Manche Forscher sind wiederum davon überzeugt, daß die Ursachen für Alexithymie größtenteils in der Erziehung liegen. Grabe erläutert: „Wenn Eltern dem Kind nicht genügend Zuneigung geben oder das Kind zu stark kontrollieren, lernt es nicht, mit Gefühlen umzugehen. Dann kann es das auch als Erwachsener nicht.“ Wie differenziert jemand Gefühle wahrnehmen kann, hat laut Grabe wiederum Einfluß darauf, wie gut dieser mit emotionalen Belastungen fertig wird.

Es ist auch möglich, daß sich Menschen nach einem traumatischen Erlebnis abrupt ihren emotionalen Empfindungen und Wünschen verschließen. Gefühlsblindheit ist dann als Anpassungsstrategie zu deuten, die das Gehirn entwickelt, um vor dem bewußten Erleben negativer Gefühle zu bewahren. „Quasi wie eine Schutzmauer schottet die Gefühlsblindheit den Menschen dann mit Hilfe einer Fehlfunktion im Gehirn ab“, erklärt Grabe. Auch bei Soldaten wurde nach Kriegseinsätzen vorübergehende Gefühlsblindheit festgestellt.

Die Mediziner der psychiatrischen Klinik der Universität Greifswald glauben, daß bei Alexithymie-Betroffenen der Informationsfluß zwischen den Gehirnhälften gestört ist. „An unterschiedlichen Stellen gespeicherte Informationen können offensichtlich nicht mehr zusammengesetzt werden“, so Freyberger. Bedeutung hat das, weil die linke Gehirnhälfte für die sprachliche Verarbeitung der Gefühle zuständig ist, die rechte Seite aber den Gesichtsausdruck anderer Menschen erkennt.
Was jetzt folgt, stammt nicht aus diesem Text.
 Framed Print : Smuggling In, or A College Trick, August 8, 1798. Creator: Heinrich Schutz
Gehirnuntersuchungen ergaben, daß Funktionsveränderungen in bestimmten Gehirnbereichen vorliegen. In Versuchen wurde die Hirndurchblutung bei Probanden gemessen, die an eine extrem emotionale Situation denken sollten. Es ließ sich feststellen, daß sich das limbische System, das Zentrum der Gefühlsverarbeitung, kaum regte, dafür aber eine ganz andere Region im Gehirn, der Stirnlappen. Er ist in der Lage, die Weiterleitung emotionaler Reize zu unterbinden. Der Ablauf der Gefühlsbildung wird blockiert, emotionale Reize nicht an das dafür zuständige Zentrum der Gefühlsverarbeitung übermittelt.
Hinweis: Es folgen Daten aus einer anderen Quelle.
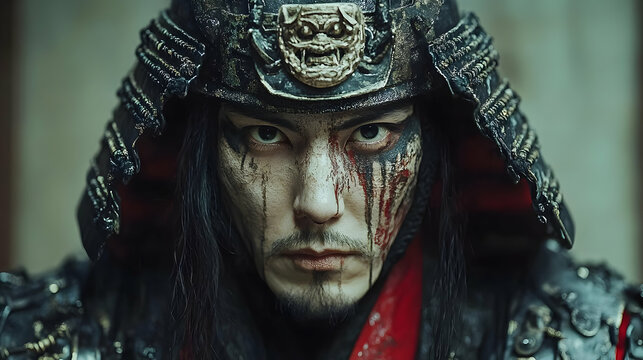 Samurai Warrior in Armor, Portrait Illustration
Die betroffenen Person zeigen dann körperliche Reaktionen, zum Beispiel Bauchschmerzen statt Angst, Schwindel statt Wut. Gefühlsblindheit ist demnach nicht das Fehlen von Gefühlen, sondern ihre Unterdrückung.

Die Psychotherapie hat spezielle Behandlungstechniken entwickelt, bei der intensiv auf den Patienten eingegangen wird.

Im Gegensatz zur klassischen Therapie, bei der sich der Therapeut komplett zurücknimmt, gibt er dem Patienten mit Alexithymie emotional authentisch Rückmeldungen. „Der Therapeut hilft dem Patienten, seine Körperempfindungen als Gefühle zu begreifen und zu lernen, was es zum Beispiel bedeutet, wenn er Herzrasen hat“, schildert Franz.

Die Forschung steckt auf dem Gebiet der Behandlung aber noch in den Kinderschuhen. Nach einem traumatischen Erlebnis kann sich die Gefühlsblindheit wieder etwas zurückentwickeln, sobald die seelische Erschütterung überwunden ist. Für die Mehrzahl der Betroffenen trifft das aber nicht zu.

Foto: Erworbene Störung: Nicht jeder Mensch kann Empfindungen wie Freude, Liebe oder Angst ausdrücken.